▸ Your task
Please print exactly the line containing "Bobbi Beck Twinkle Pink Wallpaper" and every line after it to the end of the records below, and nothing more.

▸ Exercise material
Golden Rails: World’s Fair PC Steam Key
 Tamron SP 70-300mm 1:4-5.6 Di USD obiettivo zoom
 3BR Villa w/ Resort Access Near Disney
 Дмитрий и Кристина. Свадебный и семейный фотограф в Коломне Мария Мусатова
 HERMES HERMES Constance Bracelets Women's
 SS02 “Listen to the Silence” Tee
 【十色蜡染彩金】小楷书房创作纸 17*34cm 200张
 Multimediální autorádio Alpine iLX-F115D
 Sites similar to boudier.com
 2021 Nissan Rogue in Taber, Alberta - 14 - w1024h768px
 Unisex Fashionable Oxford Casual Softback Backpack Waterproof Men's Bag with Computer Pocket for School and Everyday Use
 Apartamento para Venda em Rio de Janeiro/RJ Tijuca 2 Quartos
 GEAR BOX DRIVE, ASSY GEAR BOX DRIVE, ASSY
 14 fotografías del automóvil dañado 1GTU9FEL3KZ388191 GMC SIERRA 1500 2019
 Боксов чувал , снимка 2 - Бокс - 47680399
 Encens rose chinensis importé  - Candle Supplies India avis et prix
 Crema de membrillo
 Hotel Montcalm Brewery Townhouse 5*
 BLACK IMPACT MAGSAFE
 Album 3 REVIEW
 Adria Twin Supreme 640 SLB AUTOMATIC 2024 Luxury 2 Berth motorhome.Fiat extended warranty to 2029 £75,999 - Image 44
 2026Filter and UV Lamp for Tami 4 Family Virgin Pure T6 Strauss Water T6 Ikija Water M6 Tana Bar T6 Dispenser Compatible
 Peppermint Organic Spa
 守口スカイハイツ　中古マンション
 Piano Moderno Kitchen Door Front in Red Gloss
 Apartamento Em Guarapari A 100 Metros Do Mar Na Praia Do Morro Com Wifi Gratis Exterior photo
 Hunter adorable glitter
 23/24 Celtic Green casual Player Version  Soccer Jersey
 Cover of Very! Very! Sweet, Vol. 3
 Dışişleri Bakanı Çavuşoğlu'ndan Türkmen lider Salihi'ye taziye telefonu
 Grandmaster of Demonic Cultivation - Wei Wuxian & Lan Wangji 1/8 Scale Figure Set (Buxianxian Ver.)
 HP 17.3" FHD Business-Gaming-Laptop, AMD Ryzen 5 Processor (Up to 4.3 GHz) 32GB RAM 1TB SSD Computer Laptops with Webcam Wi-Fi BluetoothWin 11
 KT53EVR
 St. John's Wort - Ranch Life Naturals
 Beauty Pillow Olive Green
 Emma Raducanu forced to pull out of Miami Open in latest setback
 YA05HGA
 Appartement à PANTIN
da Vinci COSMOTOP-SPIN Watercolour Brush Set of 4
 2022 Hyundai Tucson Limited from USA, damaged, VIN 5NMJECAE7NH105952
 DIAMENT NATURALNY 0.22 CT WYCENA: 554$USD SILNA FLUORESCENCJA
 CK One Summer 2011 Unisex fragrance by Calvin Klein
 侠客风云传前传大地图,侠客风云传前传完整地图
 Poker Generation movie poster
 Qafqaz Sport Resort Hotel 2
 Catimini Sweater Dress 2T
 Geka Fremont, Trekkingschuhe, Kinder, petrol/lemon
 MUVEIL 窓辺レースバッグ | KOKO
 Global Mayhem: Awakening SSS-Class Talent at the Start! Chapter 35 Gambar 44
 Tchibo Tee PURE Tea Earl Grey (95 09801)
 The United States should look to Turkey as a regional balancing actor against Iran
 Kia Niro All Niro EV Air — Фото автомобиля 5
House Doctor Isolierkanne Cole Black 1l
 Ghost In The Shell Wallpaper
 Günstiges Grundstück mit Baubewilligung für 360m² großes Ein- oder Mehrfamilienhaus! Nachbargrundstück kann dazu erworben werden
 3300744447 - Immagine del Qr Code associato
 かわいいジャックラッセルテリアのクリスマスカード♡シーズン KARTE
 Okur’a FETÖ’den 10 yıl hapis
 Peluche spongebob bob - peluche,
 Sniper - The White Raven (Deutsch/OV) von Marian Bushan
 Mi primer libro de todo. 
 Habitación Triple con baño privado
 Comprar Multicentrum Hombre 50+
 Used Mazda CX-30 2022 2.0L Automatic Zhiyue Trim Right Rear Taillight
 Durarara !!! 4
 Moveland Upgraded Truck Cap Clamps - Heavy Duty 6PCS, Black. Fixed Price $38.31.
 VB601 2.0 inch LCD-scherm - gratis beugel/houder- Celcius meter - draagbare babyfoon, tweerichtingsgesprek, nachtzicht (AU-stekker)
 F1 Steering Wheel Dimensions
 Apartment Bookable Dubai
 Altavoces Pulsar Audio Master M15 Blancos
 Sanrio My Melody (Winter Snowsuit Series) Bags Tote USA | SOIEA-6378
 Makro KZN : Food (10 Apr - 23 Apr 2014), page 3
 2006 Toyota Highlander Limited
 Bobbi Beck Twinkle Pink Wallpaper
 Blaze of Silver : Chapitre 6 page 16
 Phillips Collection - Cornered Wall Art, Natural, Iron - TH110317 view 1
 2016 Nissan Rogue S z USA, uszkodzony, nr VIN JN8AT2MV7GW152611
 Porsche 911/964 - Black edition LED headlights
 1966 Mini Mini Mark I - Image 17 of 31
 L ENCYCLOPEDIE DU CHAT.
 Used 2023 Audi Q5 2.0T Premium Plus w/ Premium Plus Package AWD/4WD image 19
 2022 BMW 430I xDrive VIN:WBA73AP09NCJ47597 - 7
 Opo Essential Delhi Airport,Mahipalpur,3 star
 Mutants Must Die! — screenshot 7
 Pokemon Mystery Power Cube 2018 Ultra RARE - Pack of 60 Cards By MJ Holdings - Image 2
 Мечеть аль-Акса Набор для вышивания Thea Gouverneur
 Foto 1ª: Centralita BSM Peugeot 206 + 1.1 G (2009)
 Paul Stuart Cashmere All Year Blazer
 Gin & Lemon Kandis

▸ Reply
 Bobbi Beck Twinkle Pink Wallpaper
 Blaze of Silver : Chapitre 6 page 16
 Phillips Collection - Cornered Wall Art, Natural, Iron - TH110317 view 1
 2016 Nissan Rogue S z USA, uszkodzony, nr VIN JN8AT2MV7GW152611
 Porsche 911/964 - Black edition LED headlights
 1966 Mini Mini Mark I - Image 17 of 31
 L ENCYCLOPEDIE DU CHAT.
 Used 2023 Audi Q5 2.0T Premium Plus w/ Premium Plus Package AWD/4WD image 19
 2022 BMW 430I xDrive VIN:WBA73AP09NCJ47597 - 7
 Opo Essential Delhi Airport,Mahipalpur,3 star
 Mutants Must Die! — screenshot 7
 Pokemon Mystery Power Cube 2018 Ultra RARE - Pack of 60 Cards By MJ Holdings - Image 2
 Мечеть аль-Акса Набор для вышивания Thea Gouverneur
 Foto 1ª: Centralita BSM Peugeot 206 + 1.1 G (2009)
 Paul Stuart Cashmere All Year Blazer
 Gin & Lemon Kandis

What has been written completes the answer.